Les Chiliens élisent leur Assemblée constituante pour tourner définitivement la page Pinochet
Ce pays d'Amérique du Sud s’apprête à vivre un événement démocratique : la désignation des électeurs qui devront rédiger une nouvelle Constitution appelée à succéder à la précédente mise en place sous la dictature.
Il faut prendre la mesure de cet événement, une Assemblée constituante est rarissime. En France, c’est 1789 ou 1848. Des jalons historiques : des citoyens se voient chargés d’écrire le texte fondateur, le socle politique d’un pays. Samedi 15 et dimanche 16 mai - le scrutin dure tout le week-end pour espacer les votes et respecter les règles sanitaires - les Chiliens vont donc se rendre aux urnes pour des élections municipales et régionales et surtout pour désigner les 155 citoyens qui vont former cette Assemblée.

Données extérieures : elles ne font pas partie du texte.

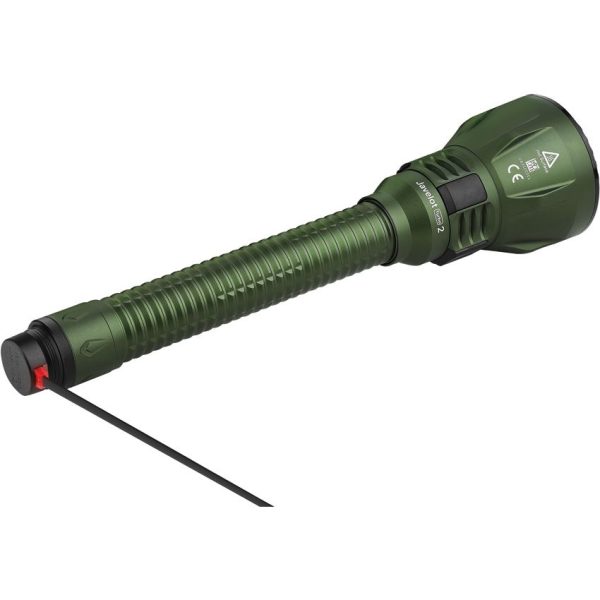 Olight Javelot Turbo 2 Tactical Flashlight - OD Green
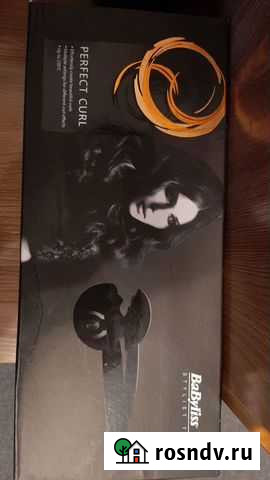 Стайлер BaByliss Pro Perfect Curl BAB2665U Томск - изображение 1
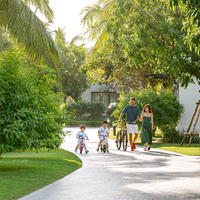 Tận hưởng kỳ nghỉ gia đình 5 sao tại Danang Marriott Resort & Spa, Non Nuoc Beach Villas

Les citoyens désignés auront ensuite neuf mois pour rédiger la nouvelle Constitution. C’est l’un des acquis principaux de la contestation sociale qui avait mis plus d’un million de Chiliens dans les rues fin 2019. Il s’agit de remplacer la Constitution de 1980, rédigée sous la dictature de Pinochet, et toujours en place. Le plus fascinant, c’est que cette Assemblée sera constituée à 100% de citoyens directement élus. Il n'y aura pas de députés en fonction, aucun délégué syndical ou fonctionnaire en exercice. Pas de cumul. Un vrai renouvellement démocratique, conséquence d’une défiance profonde vis-à-vis du personnel politique. Ils sont 1 300 candidats répartis sur 70 listes à se présenter devant les électeurs. Il y a une seule liste de droite, unie, Vamos por Chile, et 69 listes de gauche !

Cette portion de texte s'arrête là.